=== WHAT IS EXPECTED ===
Please reproduce all of the data below exactly, leaving each picture out.

=== DATA EXCERPT ===

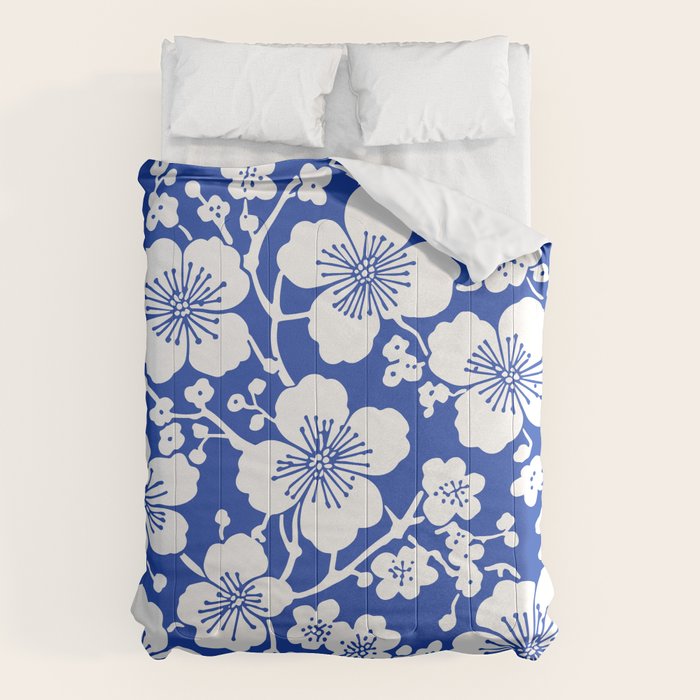 Cherry Blossoms Pattern Blue Comforter Gallery Image 6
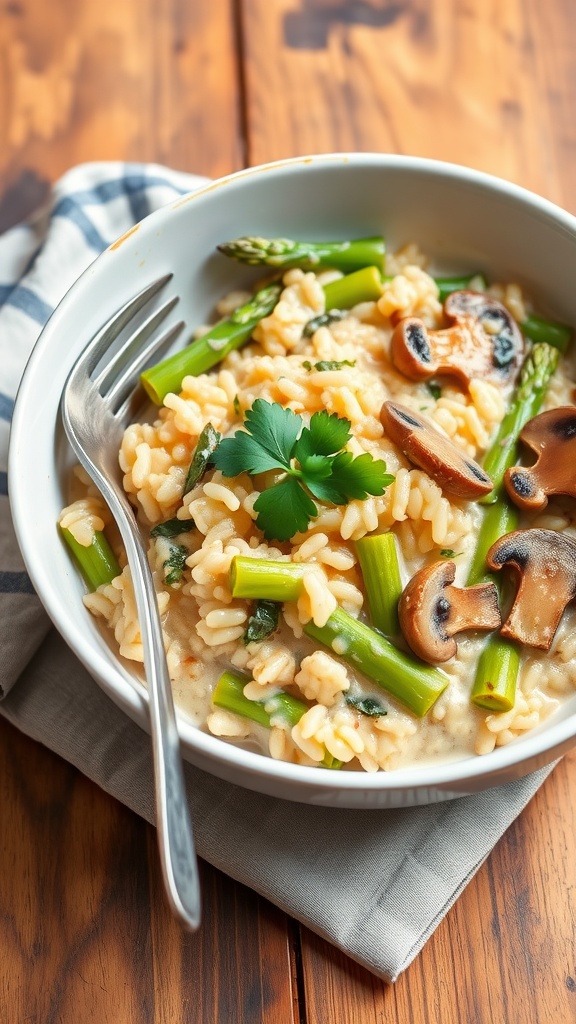 A bowl of creamy risotto with asparagus and mushrooms, garnished with parsley, displayed on a rustic wooden table.
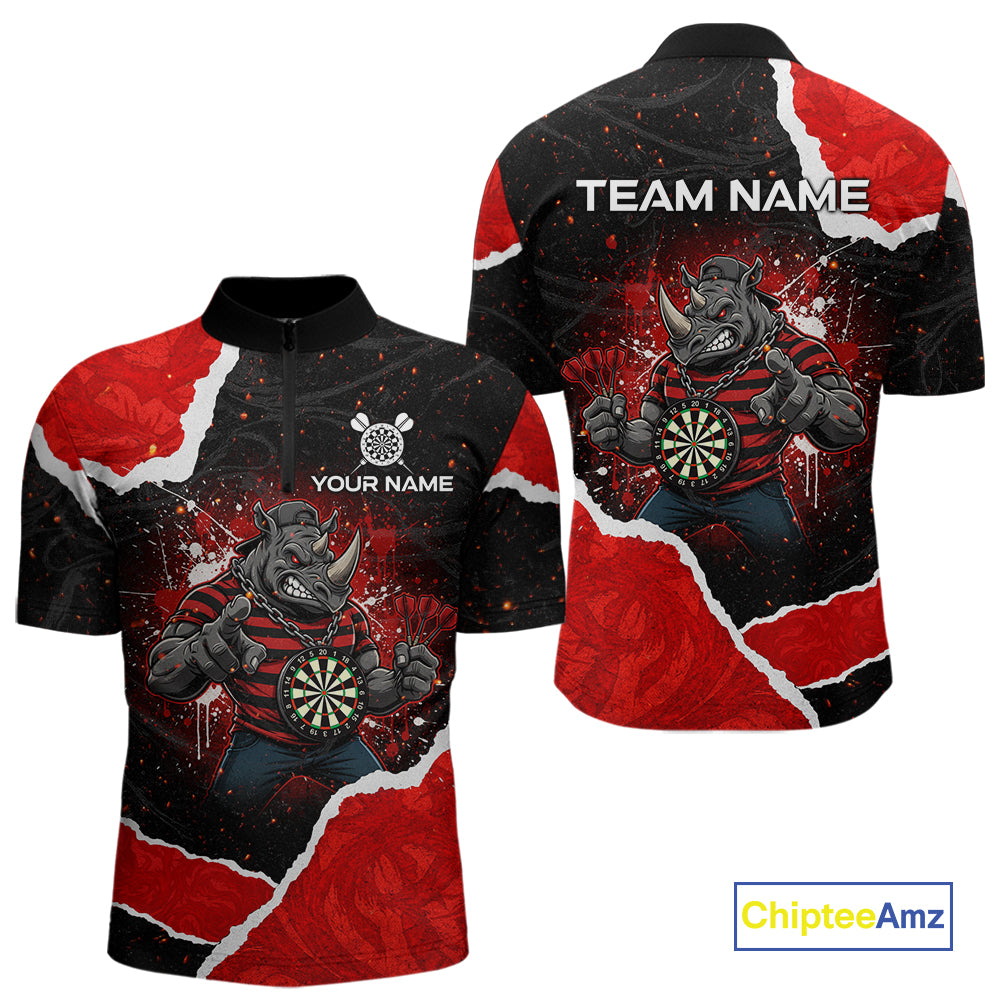 Black & Red Splatter Rhino Men Darts Quarter-Zip Shirt Custom Funny Team Dart League Jerseys NYN2067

=== EXERCISE OUTPUT ===
 Cherry Blossoms Pattern Blue Comforter Gallery Image 6
 A bowl of creamy risotto with asparagus and mushrooms, garnished with parsley, displayed on a rustic wooden table.
 Black & Red Splatter Rhino Men Darts Quarter-Zip Shirt Custom Funny Team Dart League Jerseys NYN2067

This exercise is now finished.